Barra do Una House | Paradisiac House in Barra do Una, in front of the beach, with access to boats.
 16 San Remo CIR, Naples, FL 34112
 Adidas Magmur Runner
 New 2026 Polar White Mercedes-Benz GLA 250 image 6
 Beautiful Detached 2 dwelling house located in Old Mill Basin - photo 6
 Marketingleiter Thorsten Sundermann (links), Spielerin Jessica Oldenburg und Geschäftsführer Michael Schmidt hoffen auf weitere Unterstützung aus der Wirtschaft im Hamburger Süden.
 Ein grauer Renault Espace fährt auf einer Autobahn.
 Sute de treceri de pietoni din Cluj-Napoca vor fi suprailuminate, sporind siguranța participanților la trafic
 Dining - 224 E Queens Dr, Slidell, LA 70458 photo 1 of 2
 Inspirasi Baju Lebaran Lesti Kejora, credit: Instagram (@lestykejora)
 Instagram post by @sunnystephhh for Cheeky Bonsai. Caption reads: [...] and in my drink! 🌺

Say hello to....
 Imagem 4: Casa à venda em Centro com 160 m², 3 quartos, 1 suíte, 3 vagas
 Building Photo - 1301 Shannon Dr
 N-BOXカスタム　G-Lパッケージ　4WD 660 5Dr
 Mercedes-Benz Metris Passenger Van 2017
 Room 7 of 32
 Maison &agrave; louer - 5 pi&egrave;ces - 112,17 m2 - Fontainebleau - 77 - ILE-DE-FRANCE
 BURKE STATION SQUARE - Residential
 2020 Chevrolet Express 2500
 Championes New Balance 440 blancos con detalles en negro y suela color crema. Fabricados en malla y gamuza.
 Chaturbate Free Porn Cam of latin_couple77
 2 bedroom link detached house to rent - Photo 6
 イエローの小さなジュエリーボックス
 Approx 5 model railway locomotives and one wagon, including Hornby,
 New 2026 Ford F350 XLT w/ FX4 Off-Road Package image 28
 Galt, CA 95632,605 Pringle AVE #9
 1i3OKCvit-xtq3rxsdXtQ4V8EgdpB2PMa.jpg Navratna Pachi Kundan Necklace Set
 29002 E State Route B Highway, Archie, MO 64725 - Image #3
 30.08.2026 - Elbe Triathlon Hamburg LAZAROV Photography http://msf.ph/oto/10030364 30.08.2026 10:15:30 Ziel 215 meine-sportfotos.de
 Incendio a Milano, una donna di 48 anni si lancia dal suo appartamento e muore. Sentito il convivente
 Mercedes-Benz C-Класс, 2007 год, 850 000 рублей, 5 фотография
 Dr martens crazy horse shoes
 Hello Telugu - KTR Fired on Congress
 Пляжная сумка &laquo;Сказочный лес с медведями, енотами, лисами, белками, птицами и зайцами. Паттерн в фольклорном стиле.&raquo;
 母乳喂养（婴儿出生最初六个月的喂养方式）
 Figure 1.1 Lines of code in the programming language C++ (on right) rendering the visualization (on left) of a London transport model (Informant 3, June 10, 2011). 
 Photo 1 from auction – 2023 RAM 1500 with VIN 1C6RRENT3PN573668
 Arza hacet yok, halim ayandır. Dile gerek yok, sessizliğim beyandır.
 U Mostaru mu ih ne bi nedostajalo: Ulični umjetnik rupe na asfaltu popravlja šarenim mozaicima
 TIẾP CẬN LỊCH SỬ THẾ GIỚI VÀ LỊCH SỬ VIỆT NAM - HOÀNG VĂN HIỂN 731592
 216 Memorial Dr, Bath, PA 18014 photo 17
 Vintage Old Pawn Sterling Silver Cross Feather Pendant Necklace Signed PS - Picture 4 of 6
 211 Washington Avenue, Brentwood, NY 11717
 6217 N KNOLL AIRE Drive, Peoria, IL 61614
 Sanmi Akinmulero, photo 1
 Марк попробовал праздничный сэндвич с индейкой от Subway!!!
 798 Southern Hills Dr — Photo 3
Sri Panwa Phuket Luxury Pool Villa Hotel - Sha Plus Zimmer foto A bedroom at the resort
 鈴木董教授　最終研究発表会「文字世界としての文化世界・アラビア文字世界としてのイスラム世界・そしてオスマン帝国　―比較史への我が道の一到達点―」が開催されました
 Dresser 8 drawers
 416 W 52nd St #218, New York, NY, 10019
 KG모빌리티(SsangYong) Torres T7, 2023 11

---*---

=== How to complete this task ===
Within the material above, output exactly the lines from the one with "Galt, CA 95632,605 Pringle AVE #9" through the one with "Figure 1.1 Lines", end lines included, and nothing besides.

=== Result of this task ===
 Galt, CA 95632,605 Pringle AVE #9
 1i3OKCvit-xtq3rxsdXtQ4V8EgdpB2PMa.jpg Navratna Pachi Kundan Necklace Set
 29002 E State Route B Highway, Archie, MO 64725 - Image #3
 30.08.2026 - Elbe Triathlon Hamburg LAZAROV Photography http://msf.ph/oto/10030364 30.08.2026 10:15:30 Ziel 215 meine-sportfotos.de
 Incendio a Milano, una donna di 48 anni si lancia dal suo appartamento e muore. Sentito il convivente
 Mercedes-Benz C-Класс, 2007 год, 850 000 рублей, 5 фотография
 Dr martens crazy horse shoes
 Hello Telugu - KTR Fired on Congress
 Пляжная сумка &laquo;Сказочный лес с медведями, енотами, лисами, белками, птицами и зайцами. Паттерн в фольклорном стиле.&raquo;
 母乳喂养（婴儿出生最初六个月的喂养方式）
 Figure 1.1 Lines of code in the programming language C++ (on right) rendering the visualization (on left) of a London transport model (Informant 3, June 10, 2011). 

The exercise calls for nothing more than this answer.